Eko Sunarko

Arek Mojokerto Meniti Karir Berbasis Ikhlas

Gedung Granadi di Rasuna Said, Kuningan, Jakarta merupakan segitiga emas kawasan bisnis di ibu kota. PT Humpus menempati salah satu lantai atas di Gedung Granadi tersebut.

Pagi sebelum rencana bertemu siangnya, Direktur Utama PT Humpus Eko Sunarko, S.E. Mengkonfirmasi. ”Jam 14.00, Pak,” katanya.

Ruang kerja pria kelahiran Mojokerto cukup luas dan lega. Ruangnya ditata dengan pola yang simpel. Nyaman dan mudah memandang keluar.

”Saya baru hitungan bulan menjadi Dirut. Pada 1 April 2016,” kata Eko memulai cerita perjalanan karirnya sejak lulus dari Fakultas Ekonomi (FE) –kini Fakultas Ekonomi dan Bisnis (FEB)– Unair.

Sebelum masuk Humpus, Eko menjabat Dirut PT Pupuk Iskandar Muda (Aceh) pada November 2012 sampai 12 Januari 2016.

”Sebelum itu, November 2010 sampai Oktober 2012, saya Dirut PT Pusri, Palembang,” ujarnya. Dan, sebelum di Pusri dia delapan belas tahun (1982–2010) bekerja di PT Pupuk Kaltim di Bontang.

Di perusahaan BUMN yang memproduksi pupuk di Bontang itu, karirnya sampai ke puncak. Pada 2004–2010 Eko menjadi direktur keuangan PT Pupuk Kaltim.

Jauh sebelum itu, satu tahun sebelum menyelesaikan kuliah di FEB Unair (1981–1982) dia sempat bekerja di Kantor Akuntan CT (Capelle Tuanakotta) di Surabaya. ”Saya juga sempat menjadi asisten dosen di STIPAK (kini, Stiesia) di daerah Menur Surabaya,” kata bapak satu anak yang menetap di Yogya itu.

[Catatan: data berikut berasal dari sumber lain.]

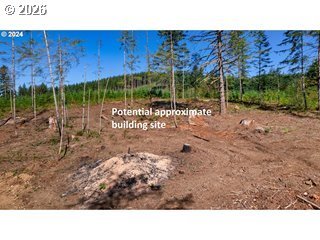 Northeast Berry Road Battle Ground, WA 98604 - Photo 14 of 17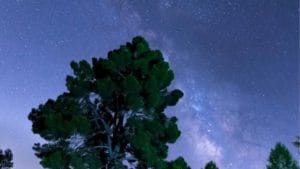 Disfruta del Astroturismo en Valencia. Únete a una sesión de observación de estrellas con telescopio y descubre la belleza del cielo nocturno con guías expertos.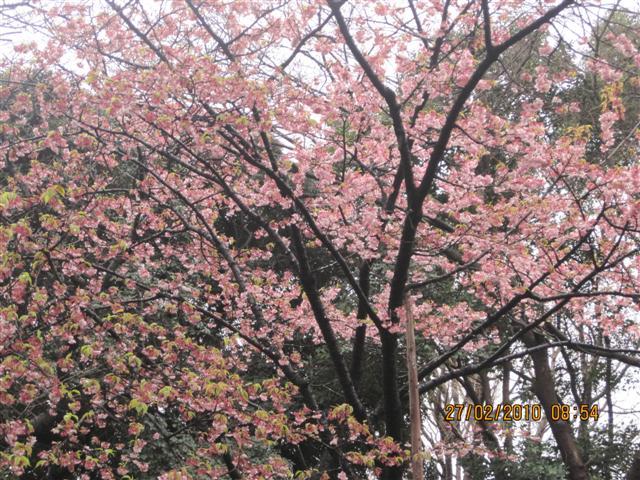 Picture 207 (Small).jpg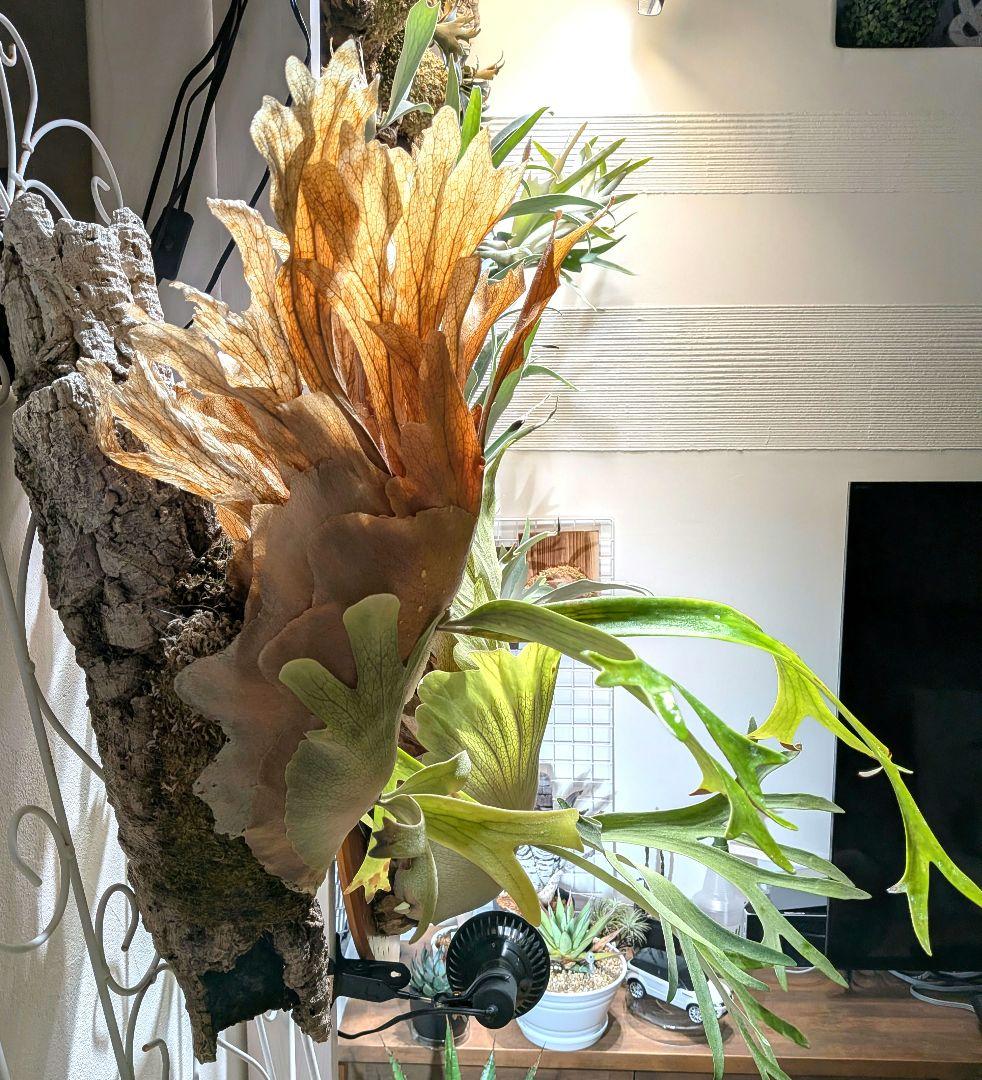 ビカク／親株／willinckii wild indonesia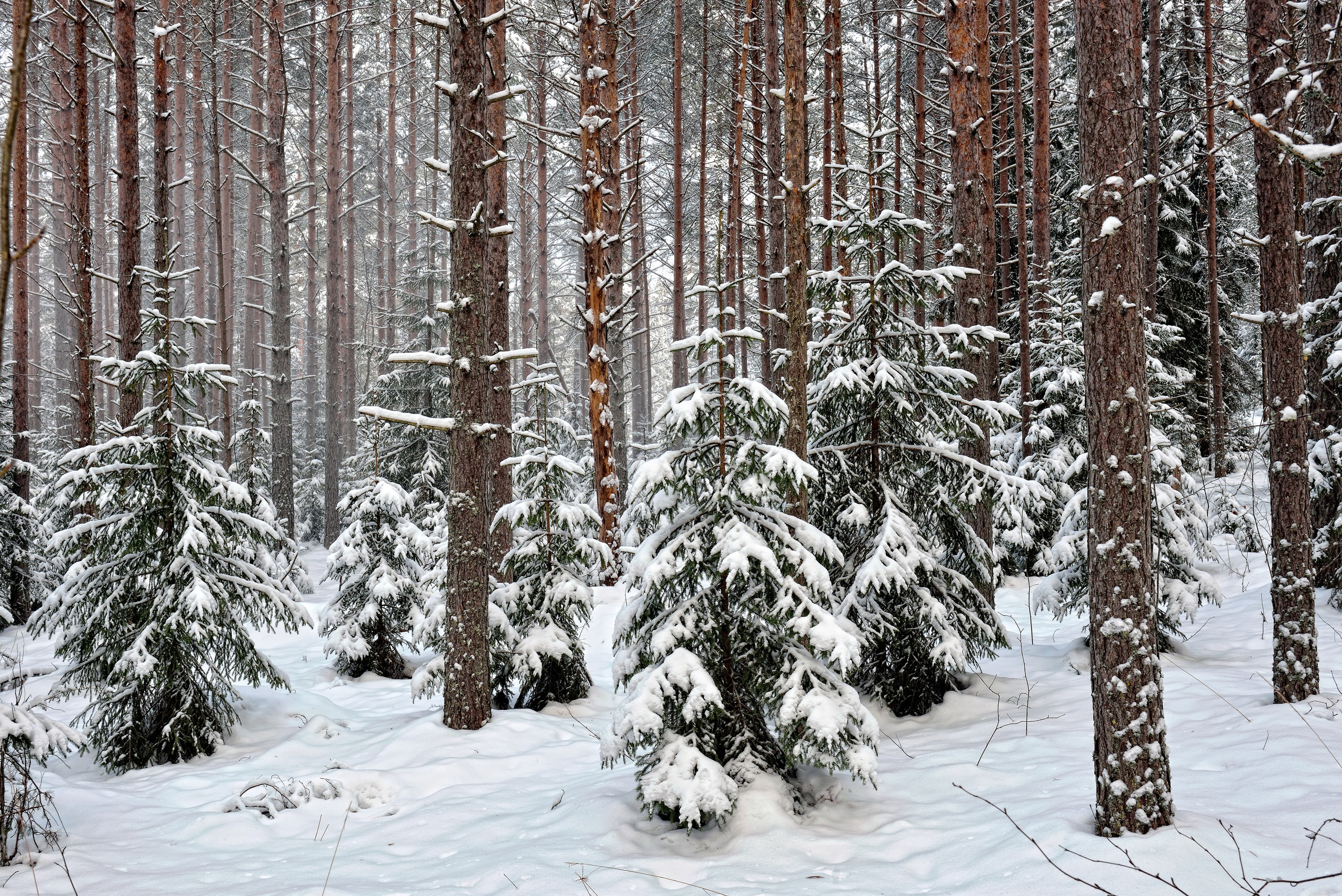 Landscape, nature, plants, details of the world around us. Personal website of photographer Dmitry Raikin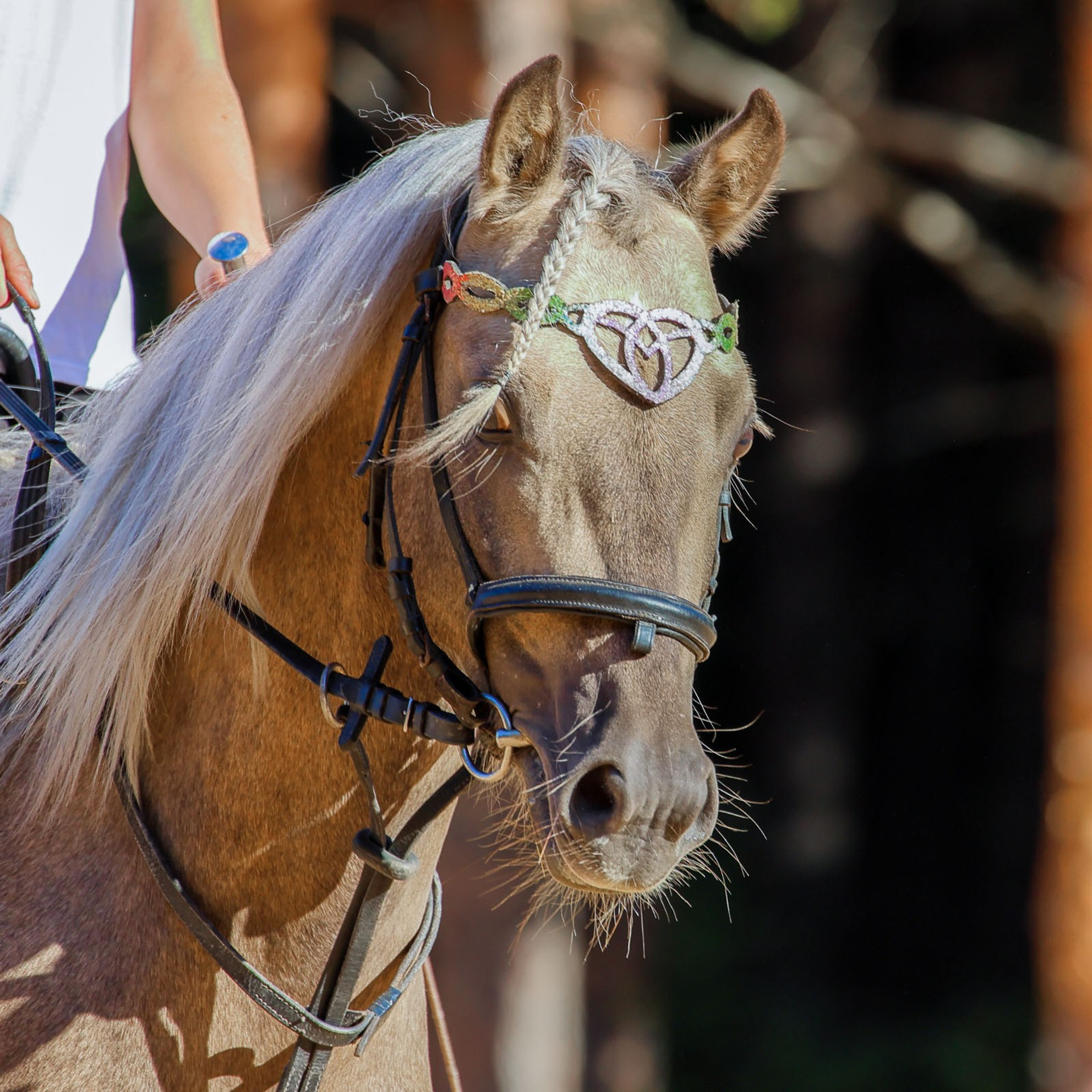 Отзывы. Irenephoto.ru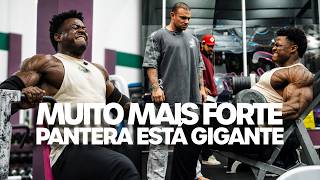 MUITO MAIS FORTE - PANTERA ESTÁ FICANDO GIGANTE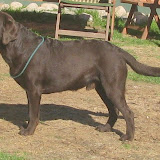 IMG_0605.JPG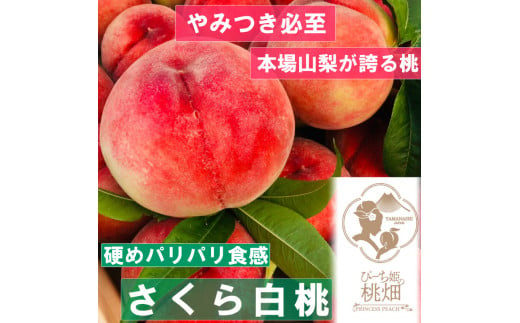 【硬めパリパリ食感のさくら白桃ブランド】隠れ人気が高い人気No.1の品種 約1kg【2025年発送】（PMK）B17-112 【 桃 もも モモ 令和7年発送 期間限定 山梨県産 甲州市 フルーツ 果物】 1148565 - 山梨県甲州市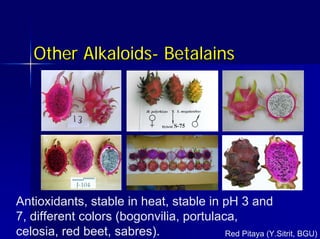 Other Alkaloids
Other Alkaloids-
- Betalains
Betalains
Red Pitaya (Y.Sitrit, BGU)
Antioxidants, stable in heat, stable in pH 3 and
7, different colors (bogonvilia, portulaca,
celosia, red beet, sabres).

Pelajaran Spiritual dari Krisis 1998

Sebagai orang yang lama malang-melintang dalam teknik dan kebijakan keuangan, Eko sempat menjadi pribadi yang rasionalis dan pragmatis. Peluang untung rugi menjadi fokus perhatian dalam setiap tindakan terkait keuangan.

Itu pula yang sempat menghinggapi jalan pikiran Eko. Sebab, sejak kuliah di FEB, dia memang ditempa dalam pembelajaran sistem keuangan dan akuntansi.

Namun, krisis moneter 1998 mengubah orientasinya. Dari pribadi rasionalis pragmatis menjadi pribadi yang ikhlas spritualis.

Tahun itu Eko membeli rumah di Jakarta dengan nilai perhitungan kurs mata uang asing. Berselang beberapa hari kurs rupiah anjlok. Eko mengaku sempat galau. ada perasaan menyesal. ”Kalau saja pembelain rumah ditunda, saya akan untung besar dari perubahan kurs rupiah yang turun anjlok,”tuturnya.

Tidak lama kemudian dia bertemu seorang ustad yang juga koleganya. Sang ustad justru menasihati Eko bahwa rezeki itu sudah ada yang mengatur.

”Tidak perlu disesali,” kata Eko menceritakan pengalaman pribadinya.

Sejak itu eko melakukan transformasi menjadi pribadi yang ikhlas dan penyabar. ”Saya tidak ngoyo dalam bekerja, meskipun harus tetap fokus dan serius,” tandas pria yang hobi golf ini.

Unair Harus Studi Komparasi

Eko mengaku memantau perkembangan Unair. Dia tahu saat ini ranking Unair turun, baik di Asia maupun Indonesia. ”Mau tidak mau Unair harus melakukan studi banding untuk mengetahui penyebab turunnya ranking tersebut,” kata bapak satu putri dari Nadia Naraswati ini.

Eko juga menyarankan agar dosen yang ngobyek di luar pendidikan harus dibatasi. ”Kalaupun ngobyek, harus sejenis dengan keilmuannya,” lanjutnya.

Level alumni juga harus meningkatkan kebersamaan dalam korps ikatan alumni universitas airlangga (IKA UA).

”Selama ini korps alumni Unair lemah. Banyak alumnus yang seolah merasa bukan alumni Unair,” ujar eko.